Provided material
——————————
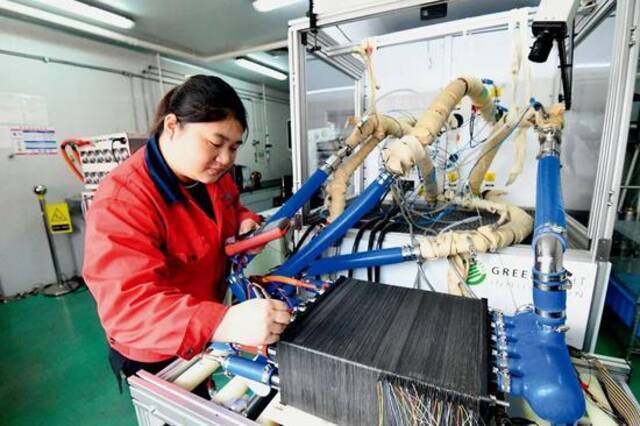 2017年11月10日，江苏南通百应能源有限公司的检测员正在对氢燃料电池进行电堆性能测试。图/新华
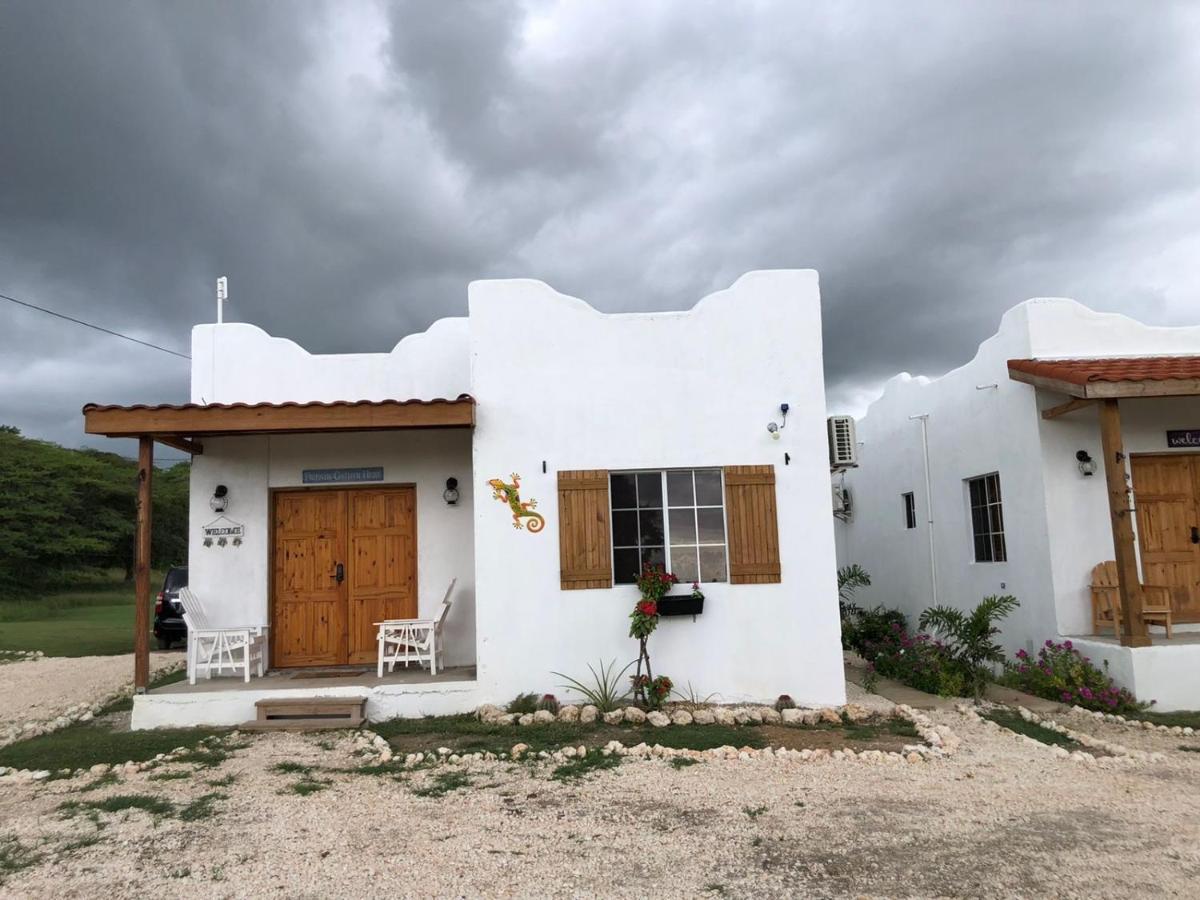 Azteca Villas Treasure Beach Exterior photo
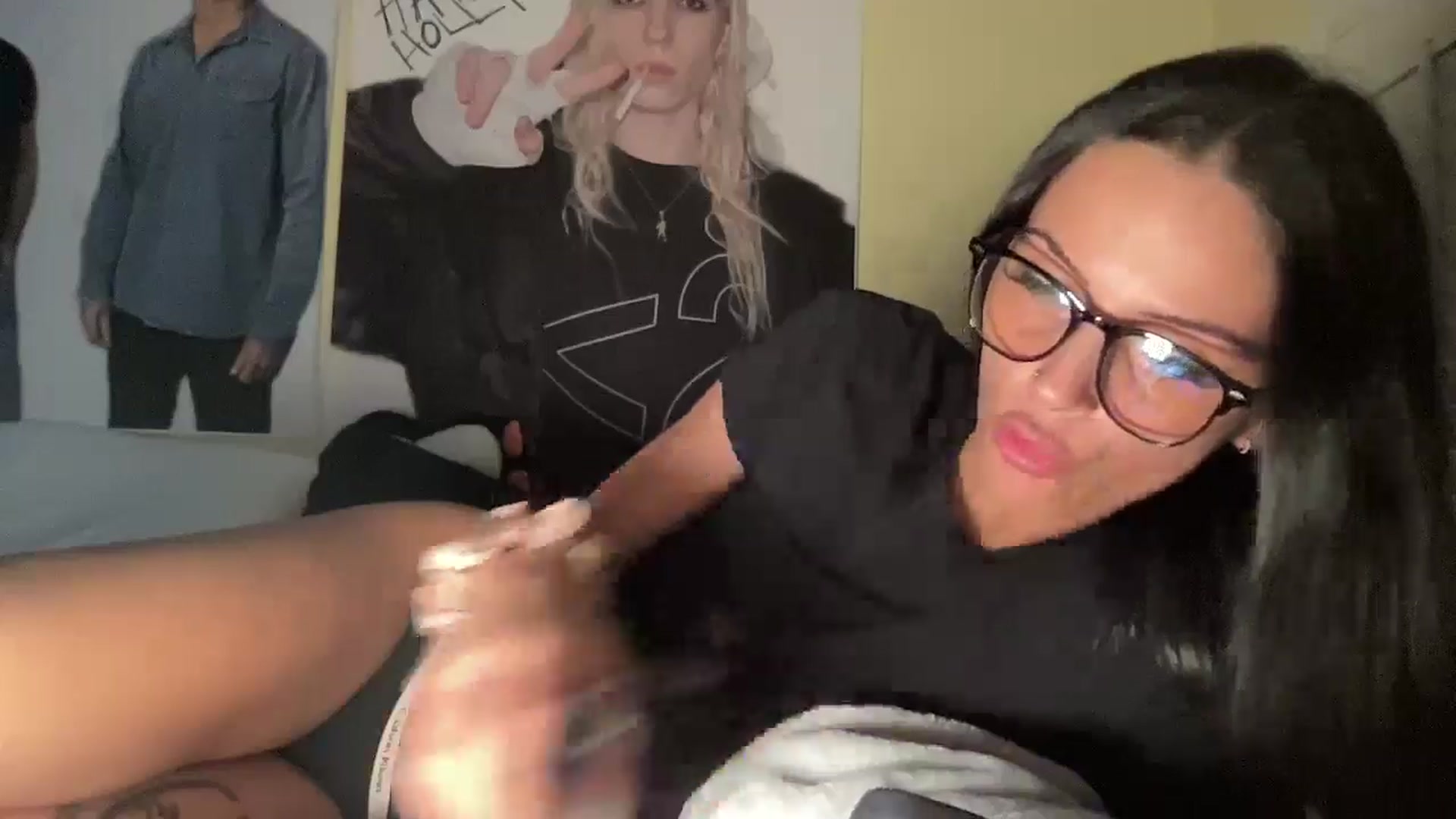 Gallery image thumbnail from Alliefrost's myfreecams stream on, 11/14/2025, 03:47 image 16 of 20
——————————
Exercise aim
Repeat the data above exactly, images excluded.

Response box
 2017年11月10日，江苏南通百应能源有限公司的检测员正在对氢燃料电池进行电堆性能测试。图/新华
 Azteca Villas Treasure Beach Exterior photo
 Gallery image thumbnail from Alliefrost's myfreecams stream on, 11/14/2025, 03:47 image 16 of 20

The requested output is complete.